This post is long overdue, but there are some things I find too hard to write down.
Those dogs. Those salukis that we brought home. They really grew on me fast.
We named them Guinness and Bolt, and other than the fact that no one had ever taught them to poop outside, they were pretty much perfect, if a bit jumpy. They didn't bark. They were very affectionate. They followed us everywhere, and when I worked, one or the other always had his head on my lap.
The kids loved them. Ainsley was forever hugging them fiercely around the neck and saying "I lub him, mama!" Shay took them for walks with his dad, with Kyra and Aidan joining in occasionally.
Despite their somewhat skittish nature - they were rescued from an abusive environment - they were quickly making themselves part of the family.
Until Ainsley snuck up on Guinness while he was snoozing. She must have frightened him, but before he ran away to hide, he bit her, right on the face.

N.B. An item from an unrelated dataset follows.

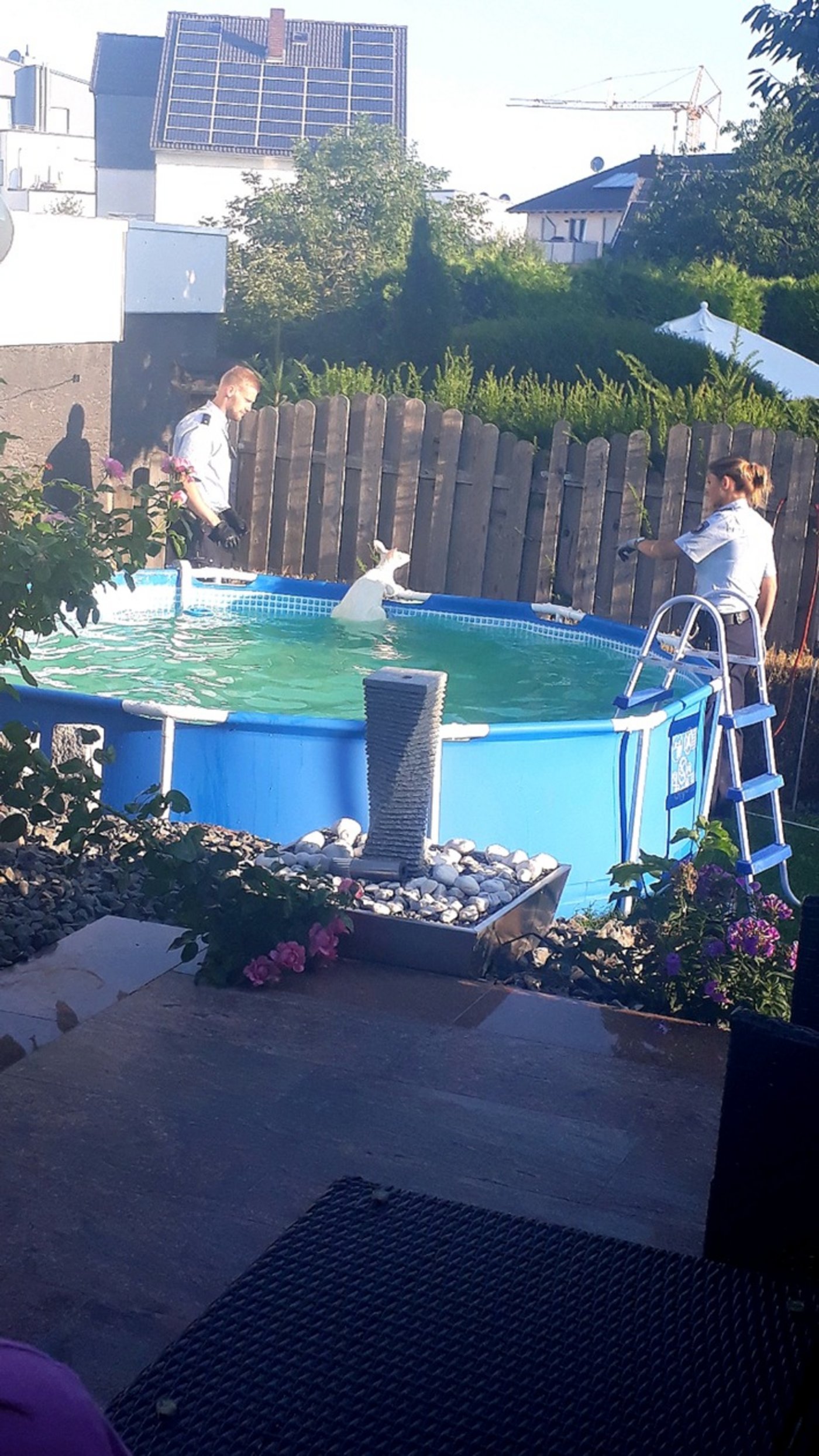 Das ausgerissene Känguru im Pool, eingekreist von Polizeikräften. (Bild Dortmunder Polizei)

Ainsley is okay: his teeth cut her nose, narrowly missing her eye, and left a bruise on her forehead. After she recovered from her fright, she actually started trying to follow him around, wanting to hug him again. But poor Guinness knew he was busted, and he cowered in the corner, away from her and me. He wouldn't come near us for an entire day - and of course Ainsley wouldn't leave him alone.
The dogs had to go.
I felt awful. Awful. After all, if I'd been paying attention, I never would have permitted Ainsley to sneak up on a sleeping animal. But the damage was done, and I can't keep a dog in the house that has bitten a child, no matter the reason.

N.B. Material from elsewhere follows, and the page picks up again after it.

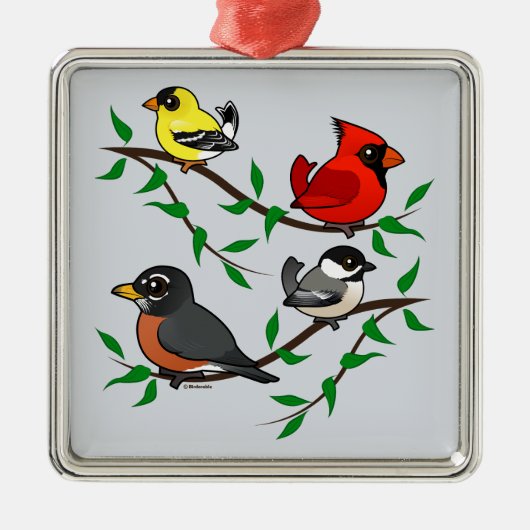 Cute Backyard Birds Metalen Ornament (Voorkant)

Because the dogs were littermates and had spent their whole lives together, we decided to send them back to the kennel together. They came as a team; they left as a team.
The shelter sent a driver the very next afternoon - the afternoon of the dust storm, a couple of weeks ago - to pick up the dogs. It was dusty and windy and dark when the driver and handler arrived. The dogs were thrilled to see them again - until the handler tried to load them in the van. They knew they were leaving us, and they clearly did not want to go. Bolt went first, and he stood in the back of the van trembling so hard that his fur was flying off him. Guinness leapt out of the van and tried to run away, but when I called him, he reluctantly came back, and they forced him back into the van.
They got the van door shut and drove away. Kyra waved cheerfully from her perch on her bicycle and shouted "bye bye! bye bye!" to the dogs until the van was out of sight. Then she turned and said, "awww, I wish we still had those dogs," got off her bike and sadly went inside.
Shay took it particularly hard. That's three dogs he's said goodbye to in as many months, and he was crushed.
We all were. But it was the safest thing to do. The shelter is going to try to find a family without kids to re-adopt Guinness and Bolt.
A few weeks have gone by since we sent the dogs back, but the house still seems empty without them.